NextEV Opens Office In Silicon Valley (Where Else?)

NextEV held a gala grand opening event for its new Silicon Valley office this week. The new office will house hundreds of engineers and developers who are working on software, artificial intelligence, and machine learning for vehicles. Already, 250 people work out of the San Jose office and another few hundred are supposed to be hired. The company also has offices in Shanghai, Beijing, Hong Kong, London, and Munich.

NextEV supercar

NextEV was founded by William Li, who says starting an electric car company was his response to air pollution in Beijing. He wants his children to grow up in a pollution free world and is doing what he can to make that dream a reality. NextEV plans to manufacture a range of electric and autonomous vehicles that will be offered first to customers in China and later to the rest of the world.

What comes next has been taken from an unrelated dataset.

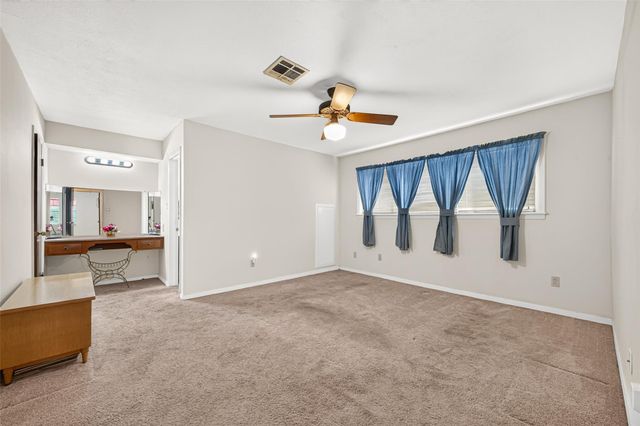 821 Bernard Avenue, Rosenberg, TX 77471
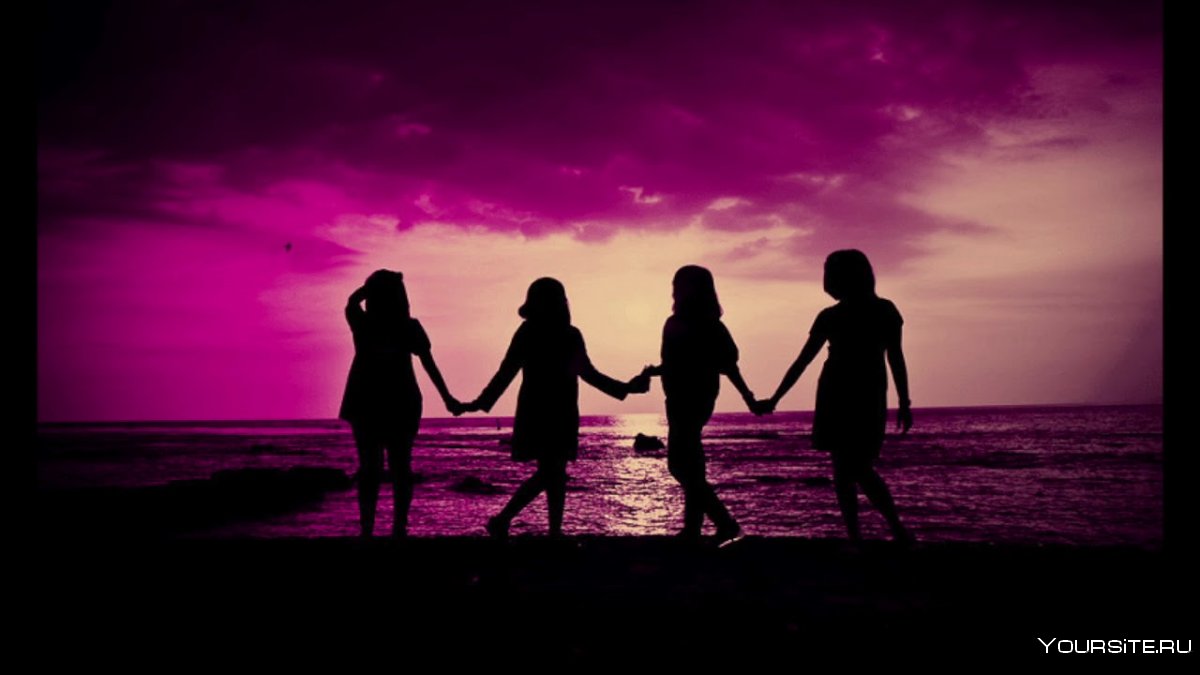 Девушки подружки на закате на море бегут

Recently Li recruited former Cisco chief technology officer and tech superstar Padmasree Warrior to be in charge of US operations. Warrior says the company’s mission is “to change transportation.” If that is the case, it is in good company. Tesla Motors, Atieva, Wanxiang, LeEco, and Faraday Future are all nearby. At the grand opening in Silicon Valley, a host of city and state officials were on hand to explain why NextEV was able to receive various forms of government support. Mostly, all that government largess is designed to promote the growing clean energy company ecosystem in the region.

Missing from the event were any cars. However, a Chinese website just published some photos of NextEV’s “supercar.” Looking very much like the absurd FFZero1 prototype that Faraday Future brought to the CES show in Las Vegas last January, the car is said to be testing on race tracks in Europe.

Everyone wants to have a high performance “halo car.” Chevrolet has made the Corvette its halo car for more than 60 years. But first it helps to have some ordinary cars for the halo car to promote. Faraday Future and now NextEV seem to have the process backwards. Perhaps someday they will make a car ordinary mortals can drive.